Военные, кажется, тоже используют подобное эмпирическое правило. В большинстве современных армий минимальная самостоятельная единица — рота — состоит из трех взводов солдат, каждый численностью от тридцати до сорока человек плюс штаб и вспомогательные службы. Всего — 130 — 150 человек. Даже основная боевая единица республиканского Рима (манипула, или двойная центурия) была сходного размера — в ней насчитывалось около 130 человек.
Кстати, организация коллективов в академическом сообществе, похоже, подчинена все тому же правилу. Обработав данные по двенадцати различным дисциплинам, и естественно-научным, и гуманитарным, Тони Бичер, сотрудник педагогического факультета университета Сассекса, обнаружил: число исследователей, на работы которых обращает внимание отдельно взятый ученый, колеблется от сотни до двух сотен. Если число ученых, работающих в научной области, превышает это число, область, как правило, дробится на более специализированные подобласти.
В традиционных обществах число жителей поселения также близко к числу Данбара. Судя по числу жилищ, в неолитических деревнях Ближнего Востока за 6000 лет до нашей эры жило, по‑видимому, 120 — 150 человек. По оценкам соратников Вильгельма Завоевателя, составивших в 1086 году «Книгу Судного дня», в тогдашней английской деревне жило тоже в среднем 150 человек. Аналогичным образом в восемнадцатом столетии среднее население деревень во всех английских графствах, кроме Кента, составляло примерно 160 жителей. В Кенте, однако, всего лишь около сотни (что подталкивает к любопытным выводам о тамошнем народе…).

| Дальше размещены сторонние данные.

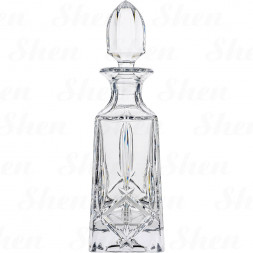 Графин хрустальный 1 л Crystal Bohemia &amp;quot;Sheffield&amp;quot;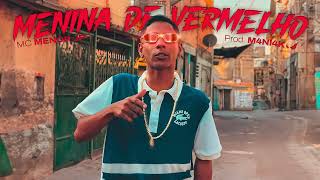 MC Menor JP  Menina de Vermelho Prod M4NI4K meninadevermelho [upl. by Raddi]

У хаттеритов и амишей, современных религиозных фундаменталистов, живущих в США и сообща занимающихся сельским хозяйством (одни — в Пенсильвании, другие — в Дакоте), средний размер общины составляет приблизительно 110 человек. Но и хаттериты, и амиши искусственно разделяют общины, как только те достигают размера в 150 человек. Любопытна причина, по которой хаттериты, по их словам, разделяют чересчур разросшиеся общины. Они обнаружили: когда в общине более 150 человек, невозможно контролировать поведение ее членов простым убеждением, силой мнения окружающих. Общину держит вместе чувство взаимной обязанности, взаимопомощь — но для общины более чем в 150 человек этого оказывается недостаточно. А поскольку учение хаттеритов запрещает установление социальной иерархии и насильственное принуждение, им приходится разделять общины.

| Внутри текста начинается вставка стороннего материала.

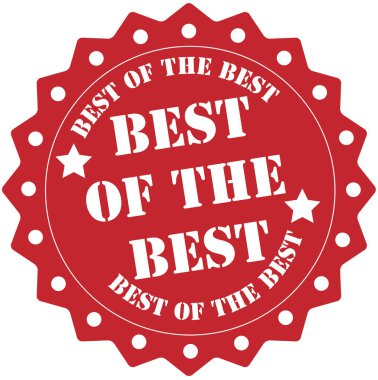 Beyaz arka plan üzerinde en iyi renkli pul bol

Вот еще один способ определить число Данбара. Это количество людей, повстречав которых в три часа утра во время пересадки в аэропорту Гонконга, вы не сочтете неловким подойти к ним и сказать что‑нибудь вроде: «Привет! Сто лет тебя не видел! Как поживаешь?» Наверное, эти люди даже слегка обиделись бы, если бы вы не подошли. Вам не пришлось бы им представляться — ведь они поняли бы, какое место вы занимаете в их социальном кругу, а вы понимаете, какое место они занимают в вашем. И если вас вдруг прижмет, они, скорее всего, согласятся одолжить вам фунтов пять, если вы, конечно, попросите.